* **WHAT THIS TASK INVOLVES**
Your answer must be an exact copy of the listing below.

* **SOURCE RECORDS**
——————

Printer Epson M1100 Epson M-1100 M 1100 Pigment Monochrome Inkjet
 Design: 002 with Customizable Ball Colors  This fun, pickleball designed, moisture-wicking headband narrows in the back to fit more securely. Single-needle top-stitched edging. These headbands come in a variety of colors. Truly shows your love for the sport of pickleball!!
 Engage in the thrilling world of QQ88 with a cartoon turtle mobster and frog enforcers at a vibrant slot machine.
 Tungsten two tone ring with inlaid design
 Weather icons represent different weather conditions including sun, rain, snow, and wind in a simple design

——————

* **OUTPUT**
Printer Epson M1100 Epson M-1100 M 1100 Pigment Monochrome Inkjet
 Design: 002 with Customizable Ball Colors  This fun, pickleball designed, moisture-wicking headband narrows in the back to fit more securely. Single-needle top-stitched edging. These headbands come in a variety of colors. Truly shows your love for the sport of pickleball!!
 Engage in the thrilling world of QQ88 with a cartoon turtle mobster and frog enforcers at a vibrant slot machine.
 Tungsten two tone ring with inlaid design
 Weather icons represent different weather conditions including sun, rain, snow, and wind in a simple design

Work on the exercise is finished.